President Reagan steadfastly supported the Salvadoran military despite overwhelming evidence of its crimes. So did Haig and other senior officials in the Reagan administration. It is a parody of justice that their legacy remains honorable while triggermen who did their bidding are demonized.

Writing about one of the former Salvadoran officers now targeted by American justice, two former Reagan administration officials recently asserted, “He was there when the US needed him.” They know. One of them, Edwin Corr, was ambassador to El Salvador at the height of the killing campaign in the mid-1980s. The other, Elliott Abrams, was assistant secretary of state. Their commentary was insightful but did not go far enough.

The Salvadoran justice system has every right to prosecute Salvadoran officers who tortured and murdered during the 1980s. For the United States to feign outrage at their crimes, however, is unfair. Those officers were pawns in a game directed from Washington. True justice would target the people who conceived, blessed, and financed El Salvador’s counterinsurgency campaign.
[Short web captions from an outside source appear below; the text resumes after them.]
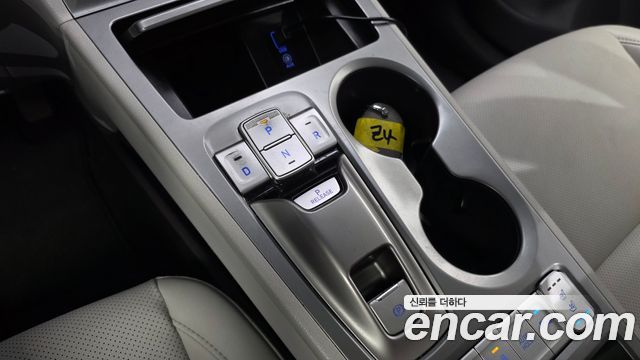 Hyundai Kona Electric Premium 2019 — фото 9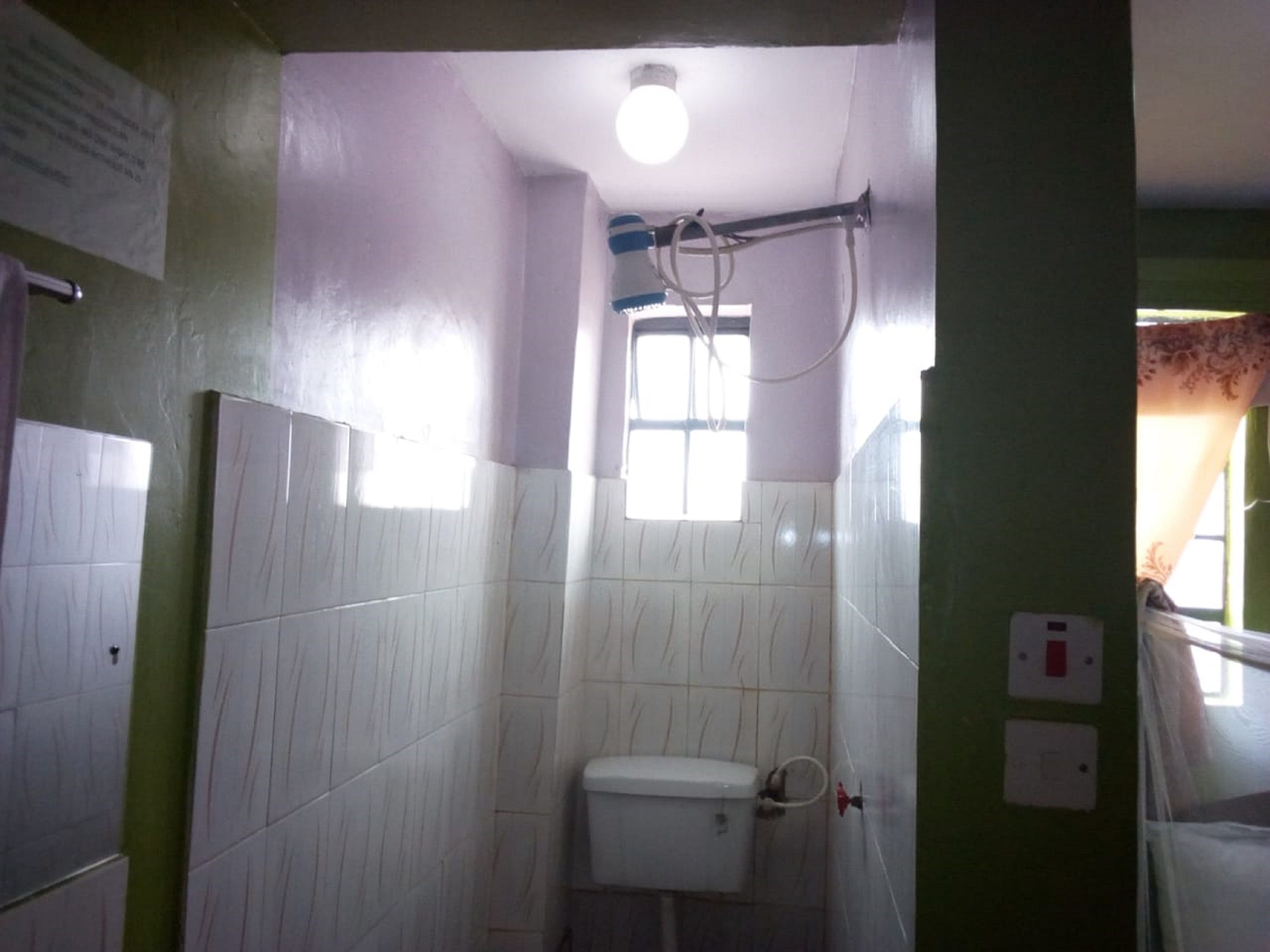 Standard Room | Bathroom shower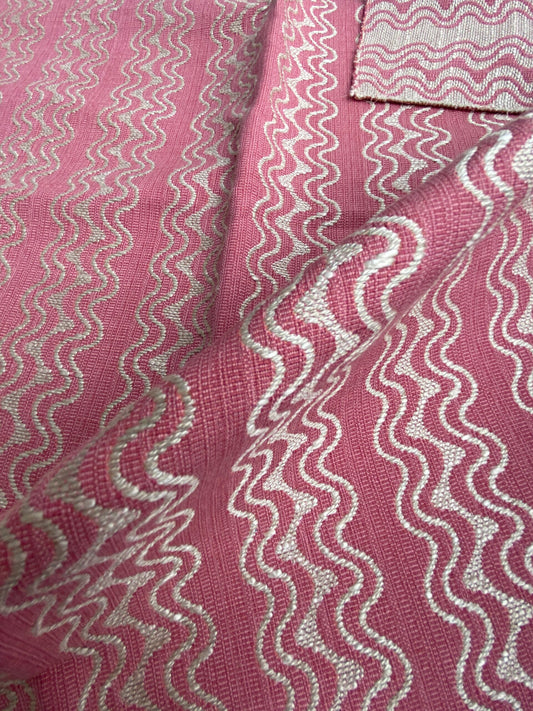 15 Berkbox100 Square Jacquard Pink White Stripe Weave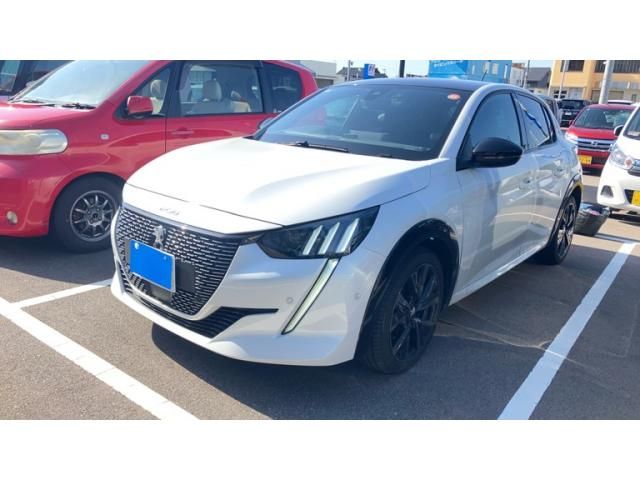 PEUGEOT / PEUGEOT 208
Executioners’ faces are always well hidden, but in this case, they speak English, worked in Washington during the 1980s, and remain respectable cocktail-party guests.

There is, of course, no real prospect that the American masterminds of El Salvador’s killing campaign will be brought to justice in this world. Next best would be for Americans to accept a measure of responsibility as a nation. That might lead us to pause before giving blank checks to regimes we know to be murderous.
On the other hand, at least some of the minions will be held to account.

No more cocktail parties for Col. Morales, eh?  And will the revolution include a national accounting for how we got here?  Or will that have to wait for the next revolution?

1 comment:

  1. America protects its war criminals, it turns them into heroes.